Last Tuesday, former DCPS Chancellor Kaya Henderson reminded us through Facebook that almost exactly three years ago the Washington Post’s Emma Brown and Michael Allison Chandler called out certain local charter school leaders for salaries that exceeded hers while she was in office although they oversaw a much smaller population of students.
The article included this observation by Carrie Irwin, co-founder and chief executive officer of Charter Board Partners:
“Carrie Irvin . . . an organization that works to strengthen charter school boards, said that in her experience, many boards aren’t doing a good job evaluating and compensating leaders according to their ability to meet concrete goals, including student achievement goals.
‘We’re talking about allocating taxpayer money to hire and retain a leader who can ensure that kids are getting a great education, and that’s a really big decision,’ Irvin said. “That’s why it’s so important to have strong boards.’”
The piece talked about Friendship PCS’s board of directors setting its pay for then CEO Donald Hense through a compensation committee, a perfectly appropriate manner for setting his salary. When I was at Washington Latin PCS, the board looked at market rates when deciding the salary of its head of school.
Ms. Brown and Chandler go on to comment:
“Competition for strong leaders and the size of schools are two of many factors that drive decisions about executive compensation at charter schools, according to charter school board members. Boards also survey executive compensation at other charter school networks around the country or other local nonprofit groups for comparison.”
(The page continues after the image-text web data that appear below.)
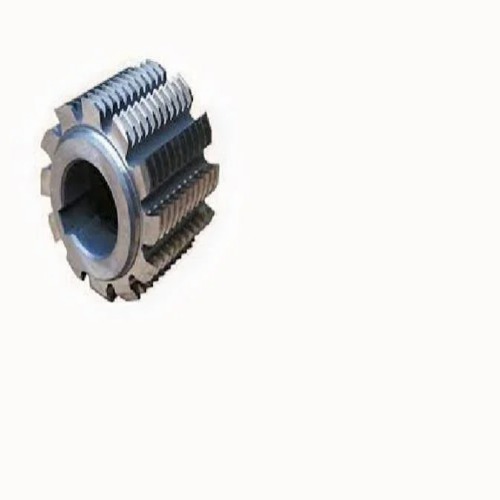 Hobbing Cutters - Color: Industrial Grey / Black Oxide / Customized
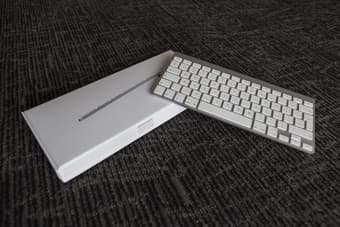 Apple Wireless Keyboard ($30) 1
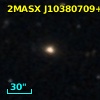2MASX J10380709+0811198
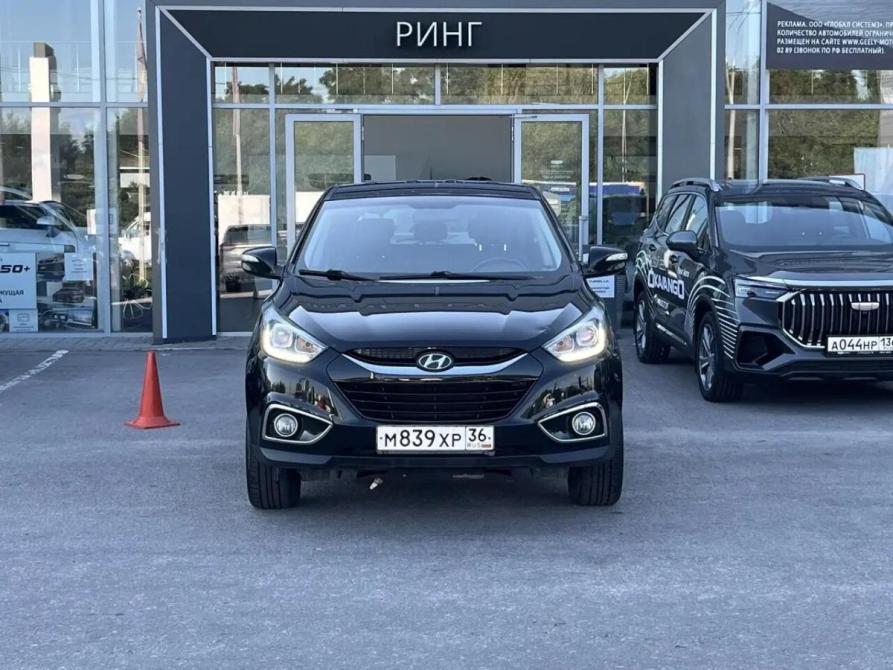Hyundai ix35 I Рестайлинг Воронеж  - изображение 2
All of this seems like the right way to go. It is when schools operate outside of these parameters that they can get in trouble when salary decisions around senior leadership become public knowledge.
Individuals involved with charter schools in the nation’s capital love to talk about the wide areas of responsibility that they as part of their jobs that includes finances, personnel, curriculum, academic results, student and staff recruitment, and real estate. These people should be paid fairly for the work that they do which also includes extremely long hours behind their desks.
As D.C. Council education committee chairman David Grosso stated in the Post article, almost all charter schools reimburse their administrators appropriately for what they do. It is the outliers that I worry about concerning the future of our movement.